══ Source information ══

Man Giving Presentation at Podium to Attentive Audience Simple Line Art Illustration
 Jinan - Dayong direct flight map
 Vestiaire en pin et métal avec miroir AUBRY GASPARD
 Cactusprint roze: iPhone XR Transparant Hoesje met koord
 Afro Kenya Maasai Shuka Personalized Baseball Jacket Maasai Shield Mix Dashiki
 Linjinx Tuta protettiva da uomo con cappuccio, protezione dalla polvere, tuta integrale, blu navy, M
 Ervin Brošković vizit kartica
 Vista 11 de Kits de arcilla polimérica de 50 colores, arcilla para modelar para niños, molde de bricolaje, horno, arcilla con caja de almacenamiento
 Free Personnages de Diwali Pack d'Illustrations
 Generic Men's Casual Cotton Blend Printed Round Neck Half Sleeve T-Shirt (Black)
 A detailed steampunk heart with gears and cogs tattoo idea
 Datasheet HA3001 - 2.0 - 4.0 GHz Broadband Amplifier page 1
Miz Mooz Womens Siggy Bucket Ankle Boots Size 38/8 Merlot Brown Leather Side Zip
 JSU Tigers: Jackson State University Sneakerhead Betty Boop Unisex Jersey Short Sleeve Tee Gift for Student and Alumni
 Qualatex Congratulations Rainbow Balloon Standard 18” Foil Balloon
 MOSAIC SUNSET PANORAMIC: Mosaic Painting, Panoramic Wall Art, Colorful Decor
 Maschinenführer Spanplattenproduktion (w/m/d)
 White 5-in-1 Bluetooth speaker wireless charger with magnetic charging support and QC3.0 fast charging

═══

### Instructions to follow:
Find each line in the records above that contains "Sleeve", and copy it.

### Result:
 Generic Men's Casual Cotton Blend Printed Round Neck Half Sleeve T-Shirt (Black)
 JSU Tigers: Jackson State University Sneakerhead Betty Boop Unisex Jersey Short Sleeve Tee Gift for Student and Alumni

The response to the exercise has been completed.